### What you should do
Exactly as written, set down each line of the data below except its pictures.

--------------------------------------------------

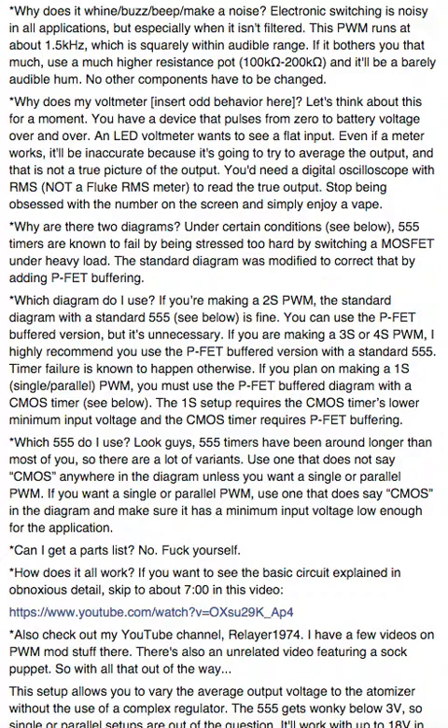Which 555 do I use? 555 timers have been around a very long time — longer than most of you. There are a lot of variants. Use one that does not say CMOS anywhere in the datasheet, description, or diagram — unless you want to use single or parallel PWM. For single or parallel PWM, use one that says CMOS somewhere and make sure it has a minimum input voltage low enough for that application. Can I get a parts list? No. Parts lists enable people to skip learning.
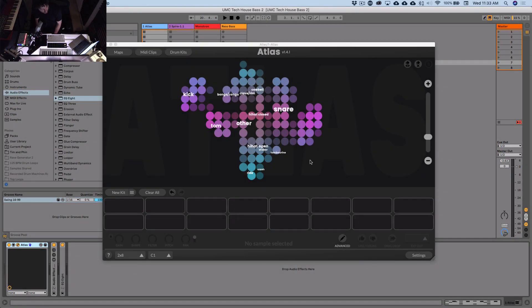Hey everyone, Tim here from Algonaut. Today I'm going to show you how to make some solid fat and rolling tech house bass lines from scratch using Spire. Spire is a really great synth, one of my favorites — a real workhorse. It's also very similar in design and architecture to Sylenth, with its four super saw voices and the design of its filter. Most good patches are fairly simple in design, and everything I'm going to do in Spire is possible in pretty much any software synth.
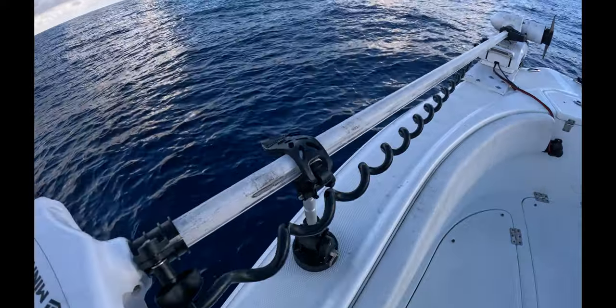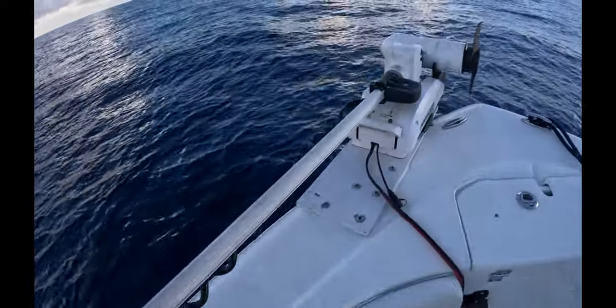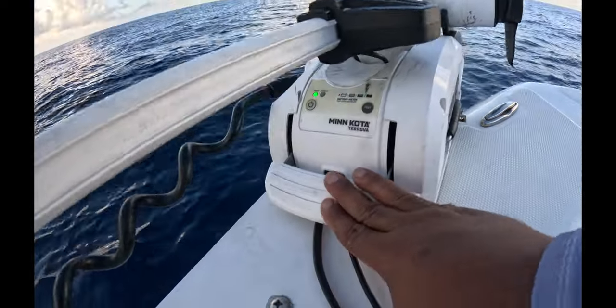All right, so this is how I deploy my Minn Kota Terrova trolling motor. Turn on the power, make sure the power is on like that.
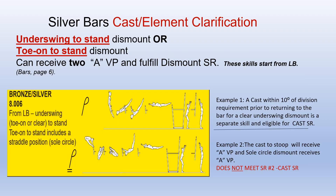Silver bars cast or element clarifications for the underswing to stand or the toe-on to stand dismounts: for the underswing to stand dismount, if there is a cast prior to the underswing dismount and it is within 10 degrees of the division requirements, it would be two separate skills and the cast would receive the special requirement for the cast angle. If there is a toe-on to stand dismount and there is a squat-on before the dismount, that is also two separate skills, but that one does not meet the cast special requirement.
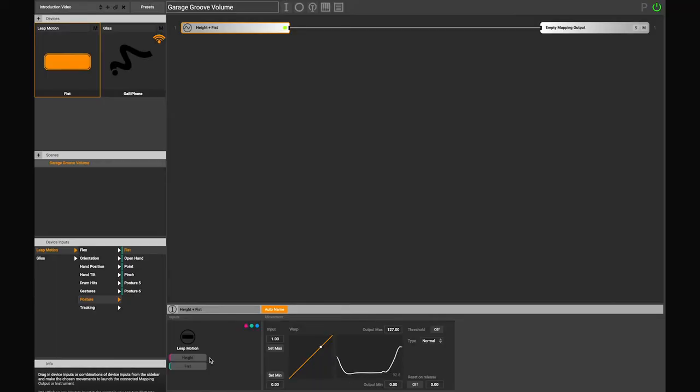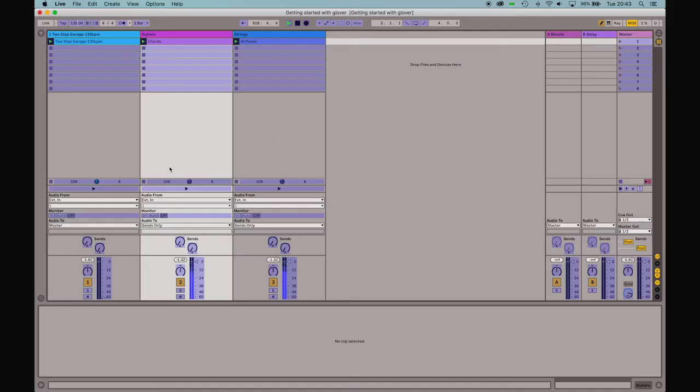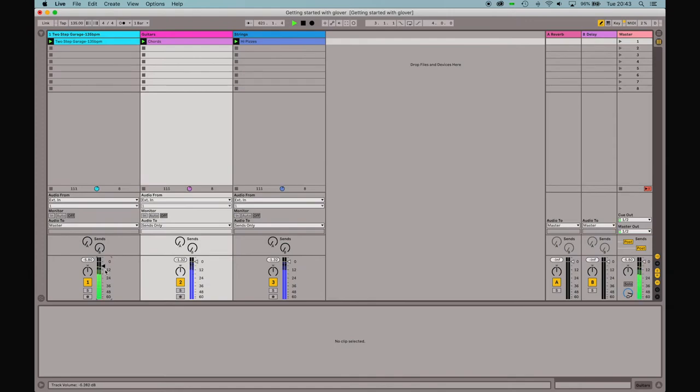Finally, Glover allows you to use these movements and postures and combinations thereof and map them to MIDI or OSC. So you can control any music software like Ableton Live, FL Studio, Logic Pro, Main Stage, Arturia Analog Lab, but also any hardware that can take MIDI or OSC.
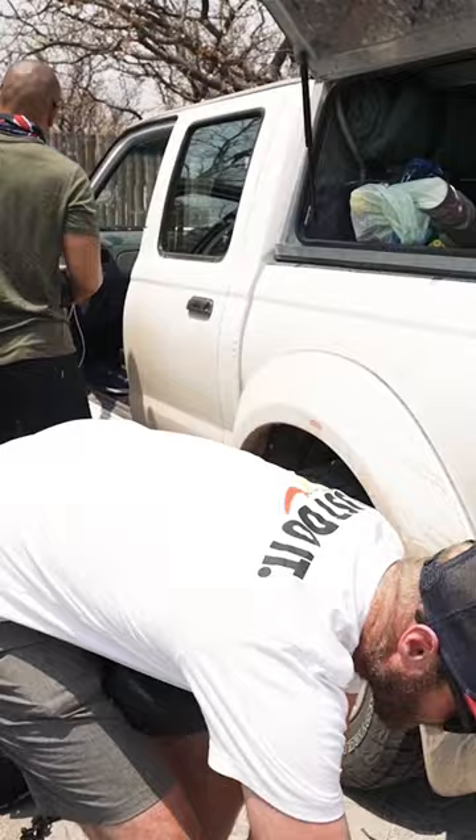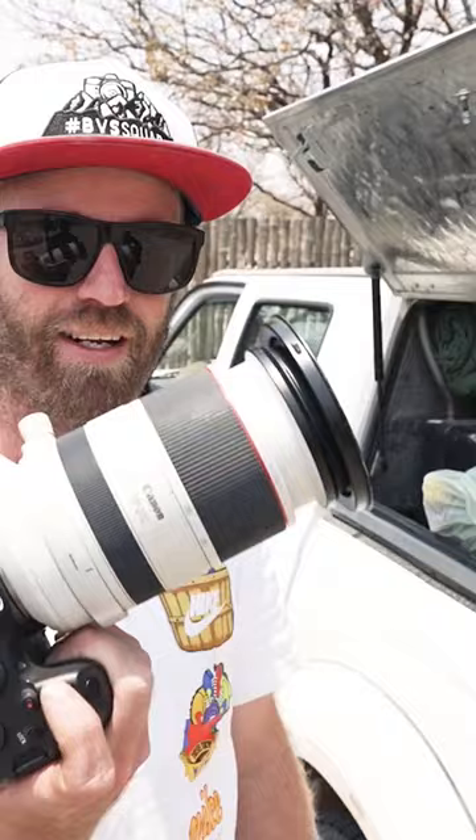Yeah, honestly, I find that in Etosha you really want about 400 to 500 millimeters for really good stuff, so I'm gonna regret this for sure. But yeah, let's do it anyway — heading into the park with this little stubby dude. And I'm not talking about Greg.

--------------------------------------------------

### Solved problem
Which 555 do I use? 555 timers have been around a very long time — longer than most of you. There are a lot of variants. Use one that does not say CMOS anywhere in the datasheet, description, or diagram — unless you want to use single or parallel PWM. For single or parallel PWM, use one that says CMOS somewhere and make sure it has a minimum input voltage low enough for that application. Can I get a parts list? No. Parts lists enable people to skip learning.
Hey everyone, Tim here from Algonaut. Today I'm going to show you how to make some solid fat and rolling tech house bass lines from scratch using Spire. Spire is a really great synth, one of my favorites — a real workhorse. It's also very similar in design and architecture to Sylenth, with its four super saw voices and the design of its filter. Most good patches are fairly simple in design, and everything I'm going to do in Spire is possible in pretty much any software synth.
All right, so this is how I deploy my Minn Kota Terrova trolling motor. Turn on the power, make sure the power is on like that.
Silver bars cast or element clarifications for the underswing to stand or the toe-on to stand dismounts: for the underswing to stand dismount, if there is a cast prior to the underswing dismount and it is within 10 degrees of the division requirements, it would be two separate skills and the cast would receive the special requirement for the cast angle. If there is a toe-on to stand dismount and there is a squat-on before the dismount, that is also two separate skills, but that one does not meet the cast special requirement.
Finally, Glover allows you to use these movements and postures and combinations thereof and map them to MIDI or OSC. So you can control any music software like Ableton Live, FL Studio, Logic Pro, Main Stage, Arturia Analog Lab, but also any hardware that can take MIDI or OSC.
Yeah, honestly, I find that in Etosha you really want about 400 to 500 millimeters for really good stuff, so I'm gonna regret this for sure. But yeah, let's do it anyway — heading into the park with this little stubby dude. And I'm not talking about Greg.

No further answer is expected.